Negotiators structured the Paris agreement in such a way that the countries’ individual targets after 2020 for greenhouse gas (GHG) emissions would not be binding. So, the final Paris agreement adopts a vague mechanism that requires countries to announce targets and demonstrate progress, essentially relying on peer pressure to hold the signatories’ feet to the fire. The United States has previously committed to publishing its strategy this year, and now China has committed to prepare its strategy as “early as possible.”
Both countries highlighted actions that each side will take domestically to tackle climate change and promote the “transition toward low-carbon and climate-resilient economies.” That’s the environmentally correct way of saying the U.S. will further curtail coal use (See Dateline Washington, p. 12). The U.S. also touted its investment tax credits to generate 100 gigawatts of renewable energy over the next five years, among other moves. Likewise, China highlighted plans to reduce CO2 and energy intensity by 18% and 15%, respectively, as well as increase the share of non-fossil fuels in primary energy consumption to 15% by 2020.
Whether or not the U.S. honors the commitment hinges on the November election. Republican candidate Donald Trump and Democratic candidate Hillary Clinton have taken polar opposite positions on climate change. Clinton has vowed to continue Obama’s “war on coal.” Trump has promised to roll back many of Obama’s executive orders, including climate change measures. Libertarian candidate Gary Johnson’s position is ambiguous at best.
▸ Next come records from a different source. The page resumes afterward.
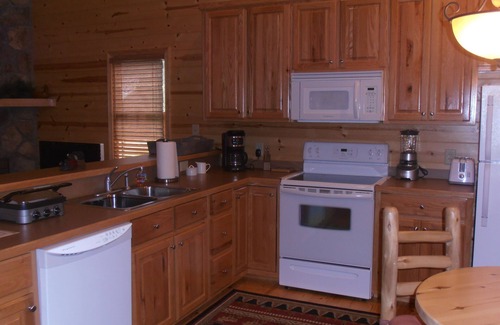 Blairsville Cabin | Bear Claw Cabin, Located in Blairsville,Ga ! On Richard Russell Scenic Hwy !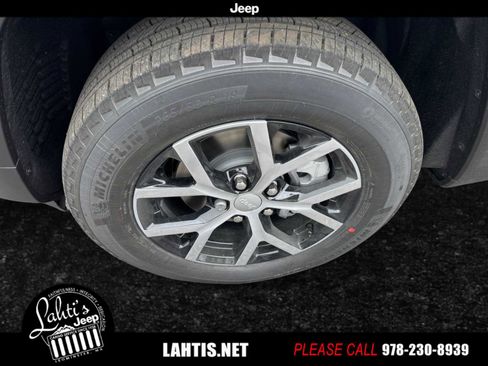 New 2025 Jeep Grand Cherokee Limited w/ Luxury Tech Group II image 7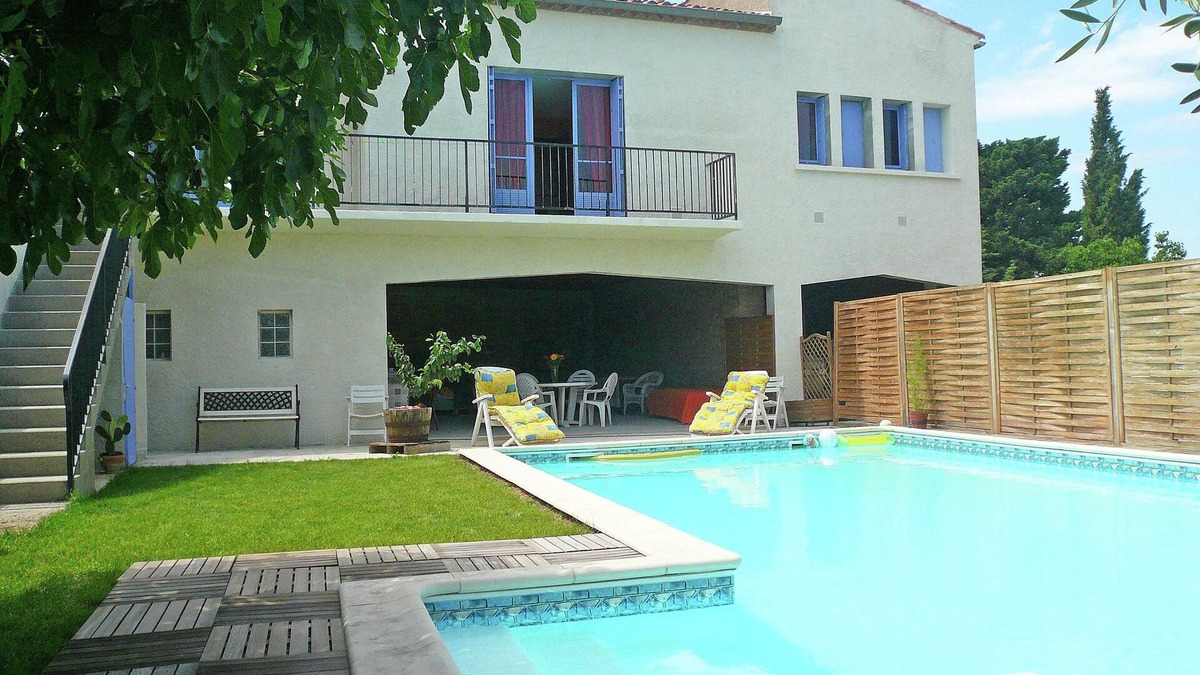 Talairan House | Holiday Home Talairan with Pool and BBQ
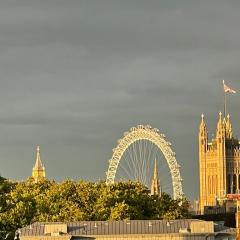 Top floor flat with magical views of London
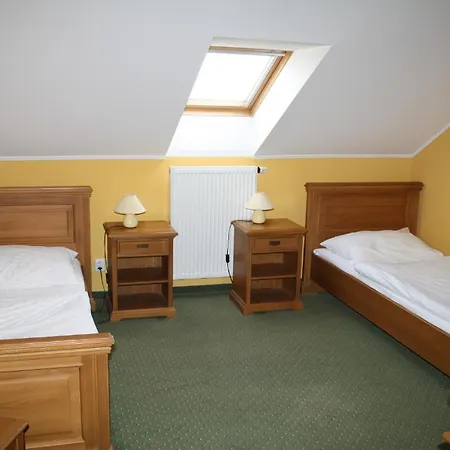 Boucek Otel Mochov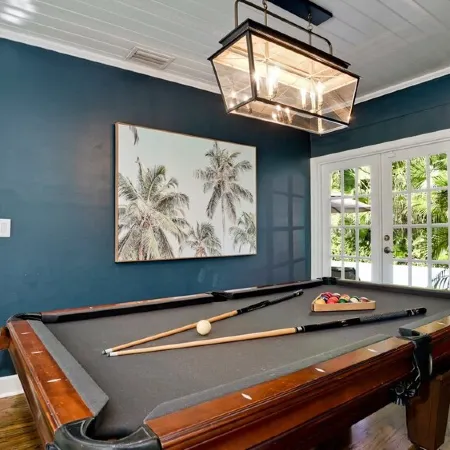 Luxury along Manatee River, close to Anna Maria beaches, heated pool & spa!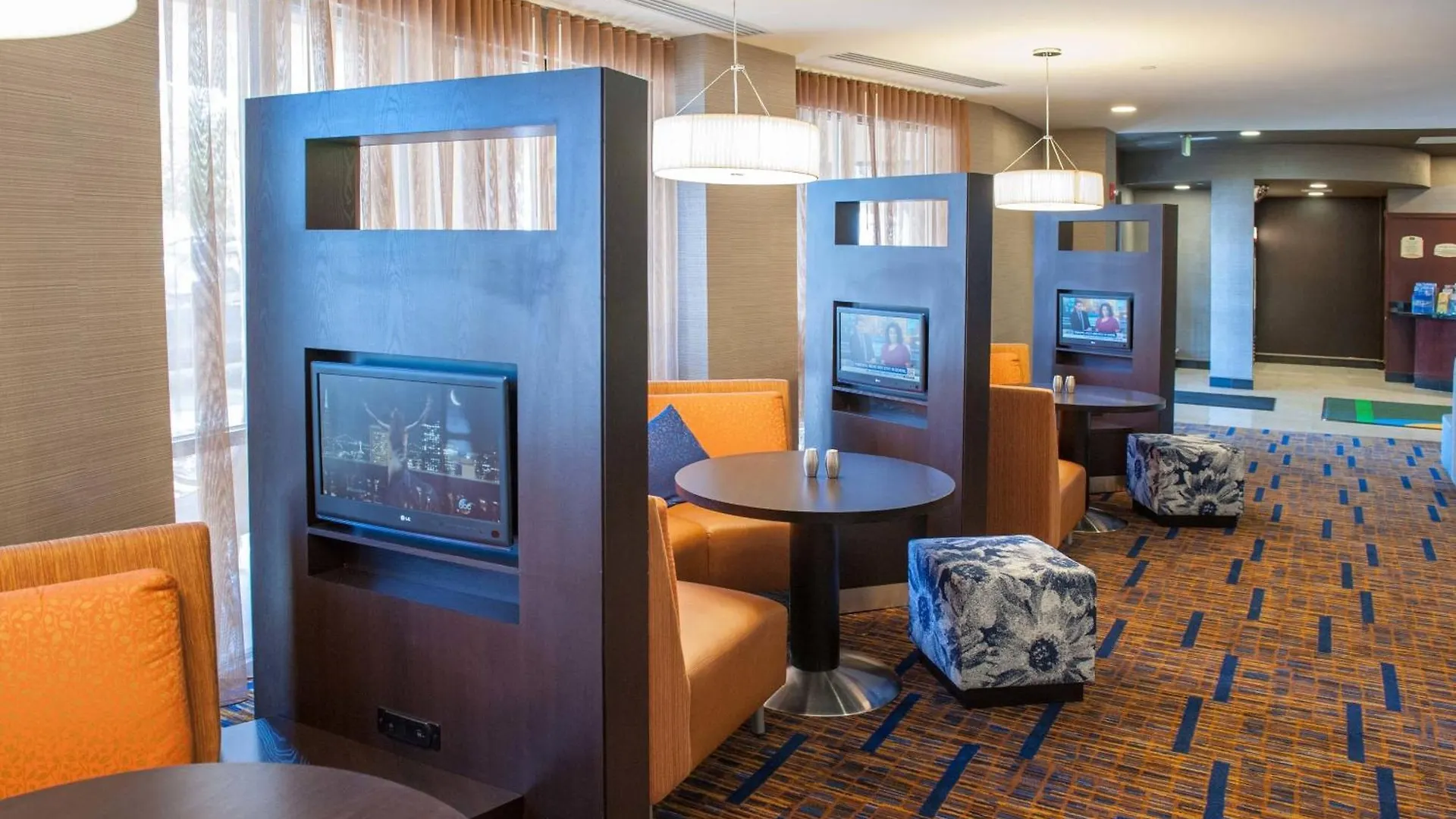 ***  Courtyard By Marriott Pensacola Downtown Hotel United States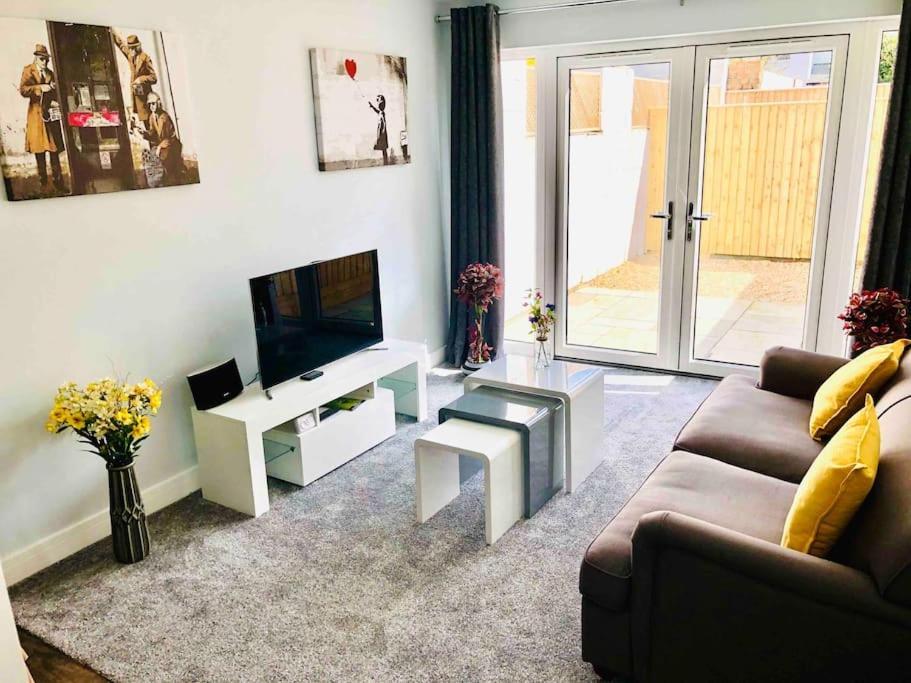 Centrally Situated House Plus Private Parking Cheltenham Buitenkant foto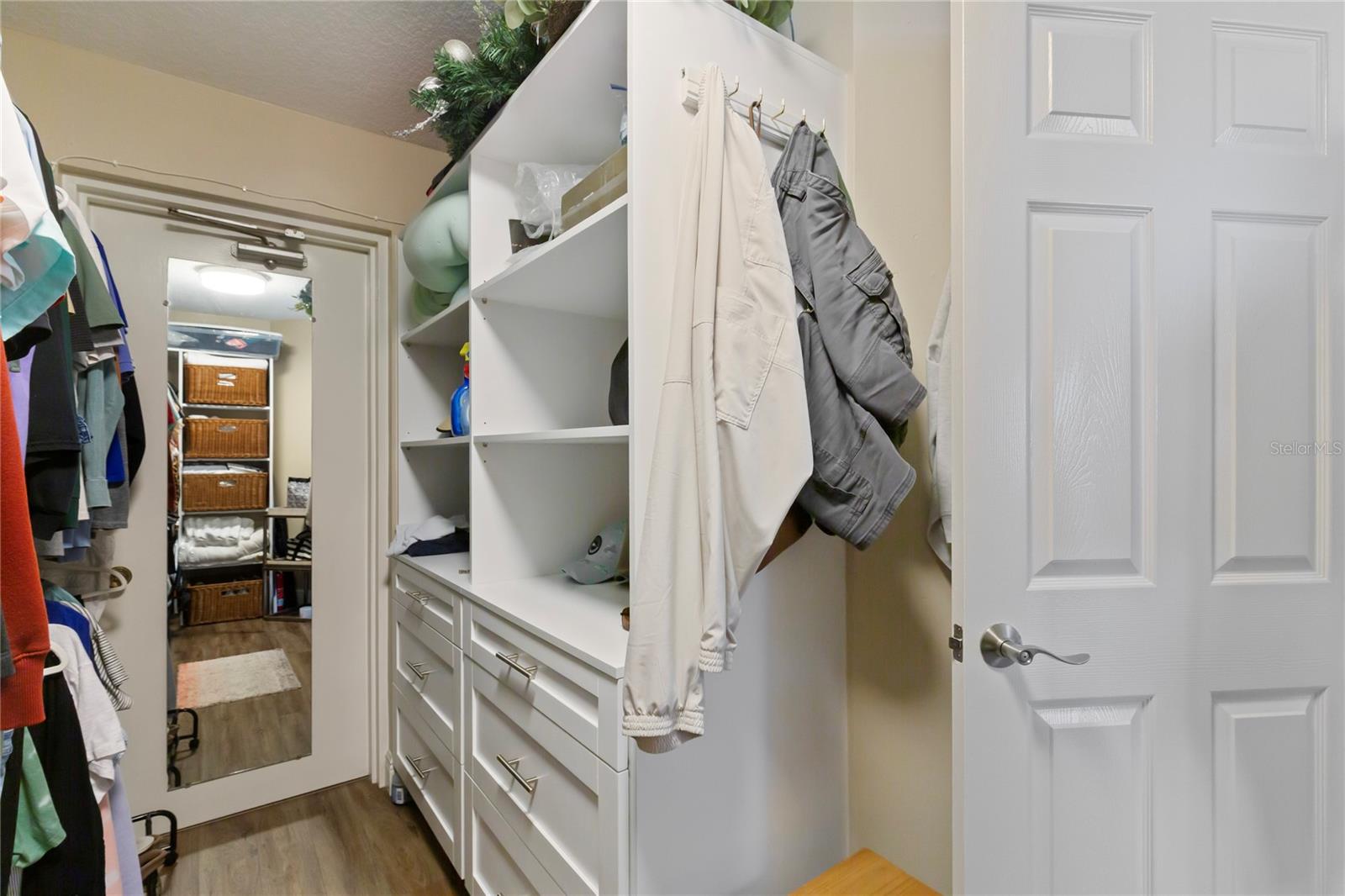 Listing photo id 43 for 736 Island Way 406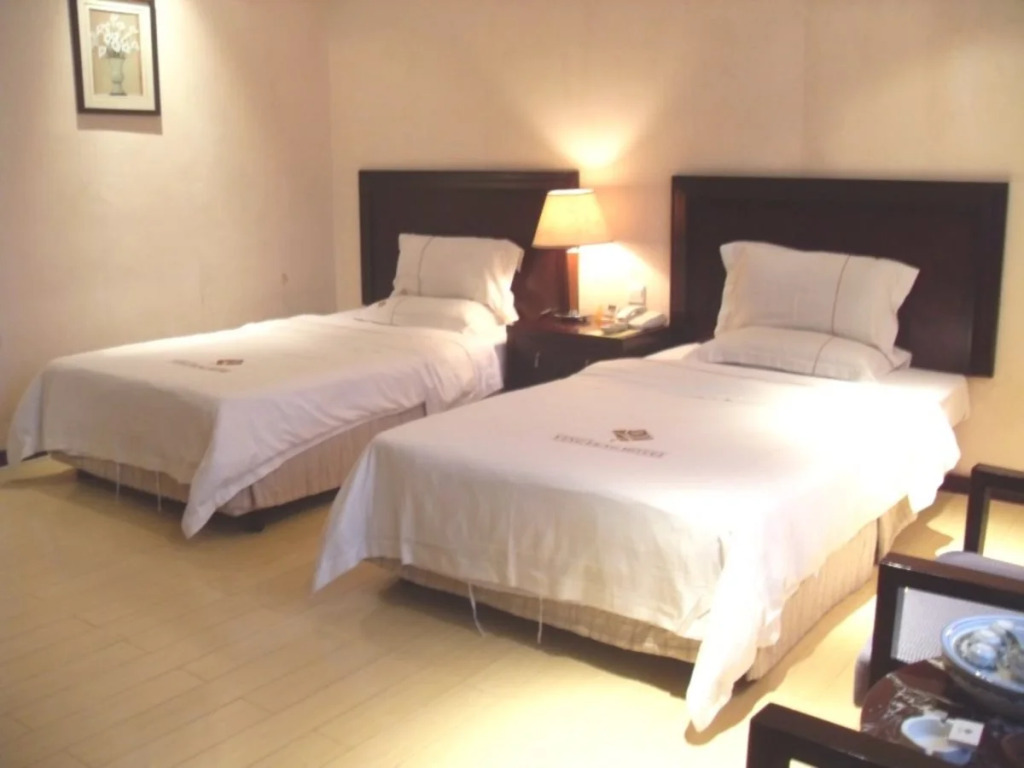 Ying Feng Hotel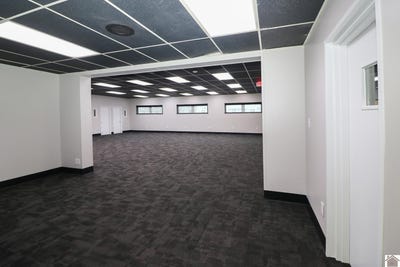 /international/us/100-television-lane-suite-d-paducah-ky-110107818304/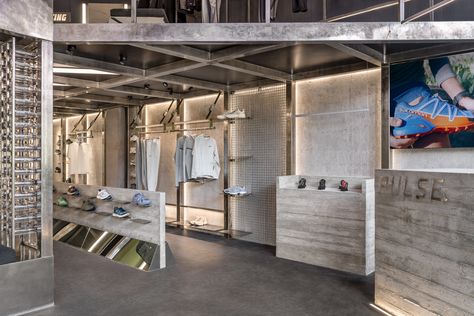 Gallery of Pulse Sportswear Store / Sobchenko Architects - 7 Sports Store Interior, Sports Retail Store Design, Tactical Store, Sportswear Store, Led Store, Retail Store Interior Design, Architectural Design House Plans, Retail Store Design, Apartment Complexes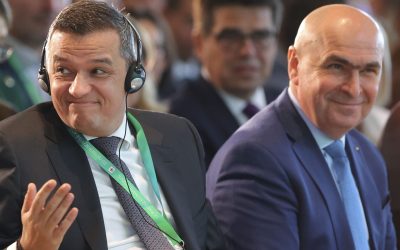 Rotația premierilor din România: un proces marcat de reguli nescrise și mese rotunde În peisajul politic românesc, stabilirea succesiunii în funcția de premier a fost, de-a lungul timpului, un subiect de polemici și negocieri strategice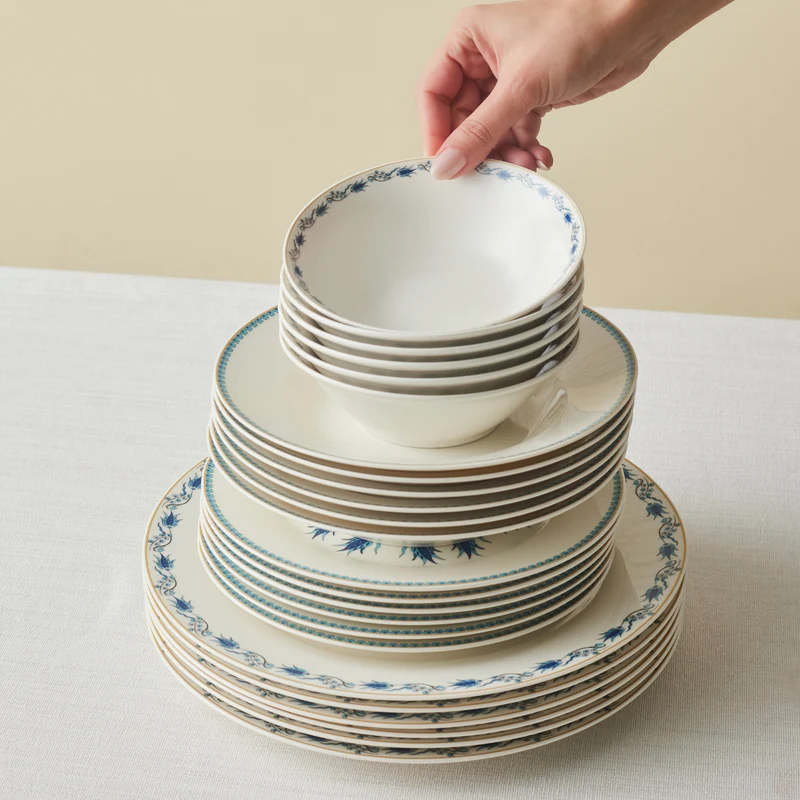 Karaca Forever Bone China Iznik 24-teiliges Tafelservice für 6 Personen, Mehrfarbig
Any climate agreement with legally binding targets and the threat of international sanctions would have required the approval of the U.S. Congress. It would not likely pass today, but it might in the future. While the presidential race is important, there are also equally important races in tight Congressional districts. A Republican landslide will not save the coal business, but a Democratic sweep will wreak more havoc for four more years.